В 1936 г. журналист Э. Гард собирался издать в Ленинграде книгу «Потомки», где шла речь и о потомках Салтыкова. Книга в свет не вышла, корректура ее хранится в ИРЛИ, копия – в архиве Макашина. Здесь претензии к мемуарам Константина Михайловича сформулированы еще более откровенно: «Не только из разбросанных по разным журналам и газетам воспоминаний Салтыкова-сына, но даже из выпущенной им в наше время целой книги, – с кропотливым трудом приходится выуживать что-нибудь ценное о великом сатирике как об огромном писателе и большом человеке. Как-то все значительное проходило мимо К. М., а зацепились одни мелочи»[666]. И еще: «…брошюра, в которой сын, смакуя и похихикивая, порочит память своего великого отца». «Но ‹…› он, несомненно, не ведал, что творил. Он даже как будто гордится отрицательными, а порою просто отталкивающими чертами, которые он подсмотрел в своем отце. Перед нами проходит по страницам книги суровый, скучный чиновник, петербургский обыватель – даже не всегда умный и, как правило, бестактный, злой и мелочной»[667]. Далее перечислены отдельные эпизоды из мемуаров, якобы снижающие образ Салтыкова: игра в карты во время участия в процессии на похоронах H. A. Некрасова, недовольство Салтыкова публичными знаками внимания к нему со стороны журналистов, посещение умирающего писателя отцом Иоанном Кронштадтским. Э. Гард был особенно не удовлетворен тем, что автор мемуаров не запечатлел Л. Н. Толстого и И. С. Тургенева, которые бывали в доме его отца[668]. Однако истины ради необходимо сообщить, что ни Толстой, ни Тургенев у Салтыкова в доме не бывали.

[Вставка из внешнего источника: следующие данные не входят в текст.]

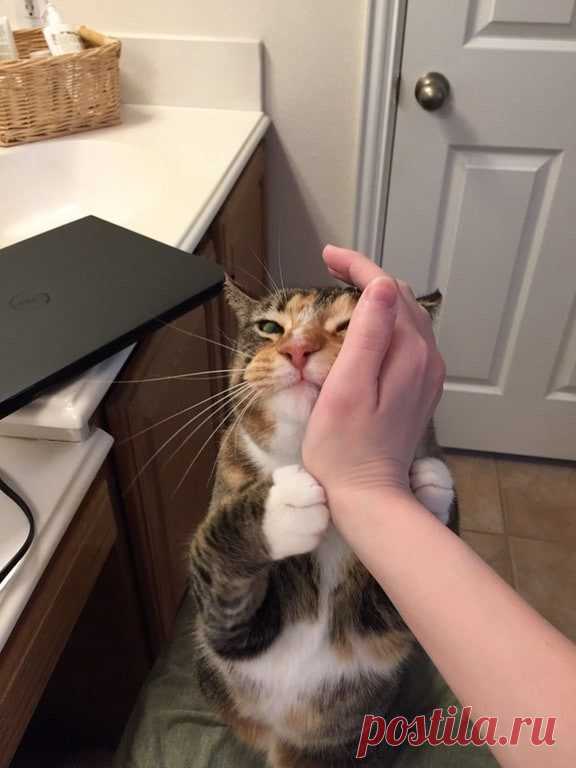 Коты - звери с причудами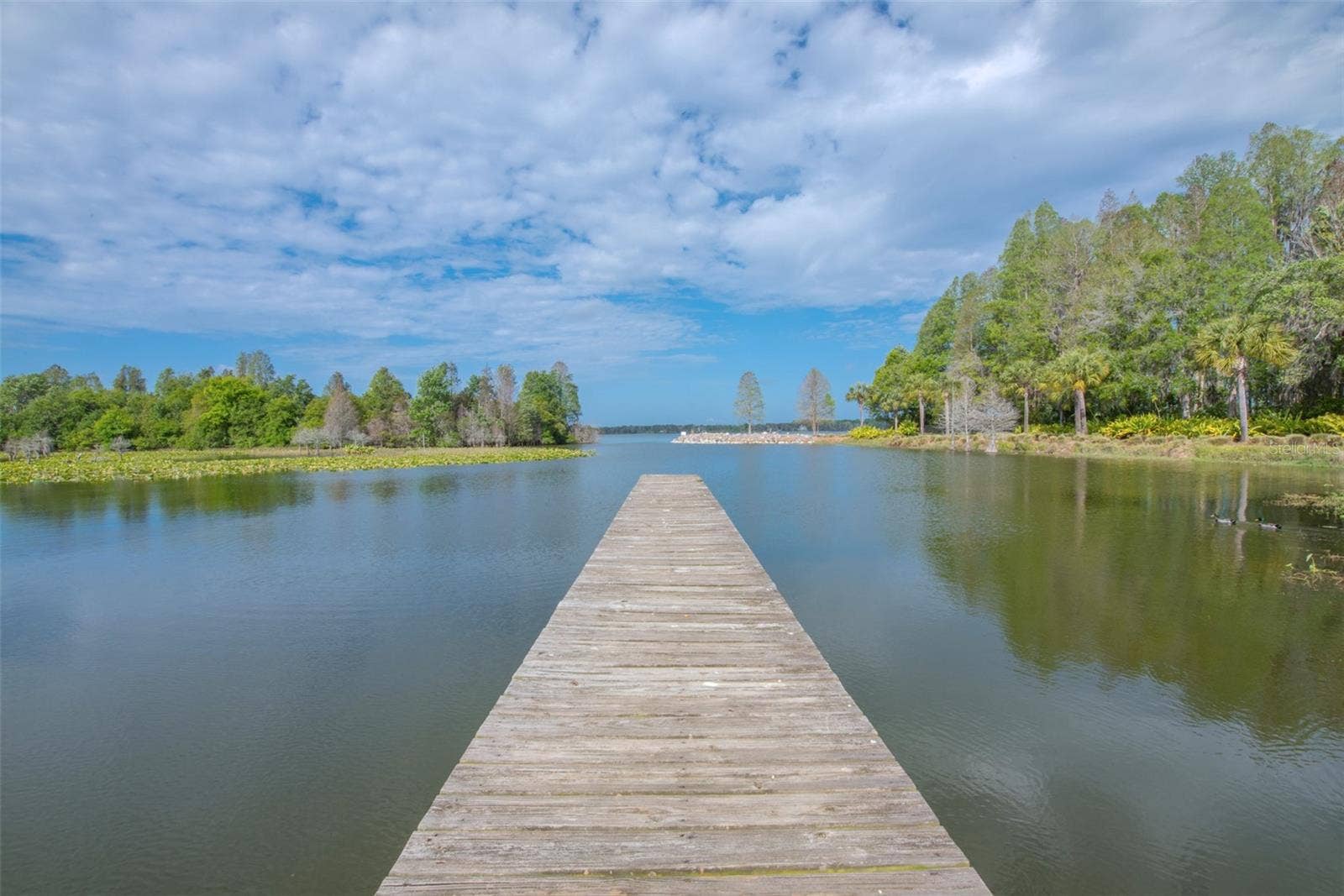 10710 OSPREY LANDING LOT 48 WAY, Thonotosassa, FL 33592 10710 OSPREY LANDING LOT 48 WAY, Thonotosassa, FL 33592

И вот – итоговая характеристика, данная K. M. Салтыкову: «Пензяки рекомендуют его как „человека, любившего выпить“. Его родные, отзываясь о нем осторожно, признают, однако, без оговорок, что он был бездарен, мелочен, неинтересен. И сам он о себе: „От отца я унаследовал не его талант, а его болезни“.
Наконец племянница К. М., внучка Щедрина, рассказывает, что вдова Михаила Евграфовича поторопилась купить дом, так как боялась, что если у нее будут „свободные деньги“, – сын проиграет их»[669].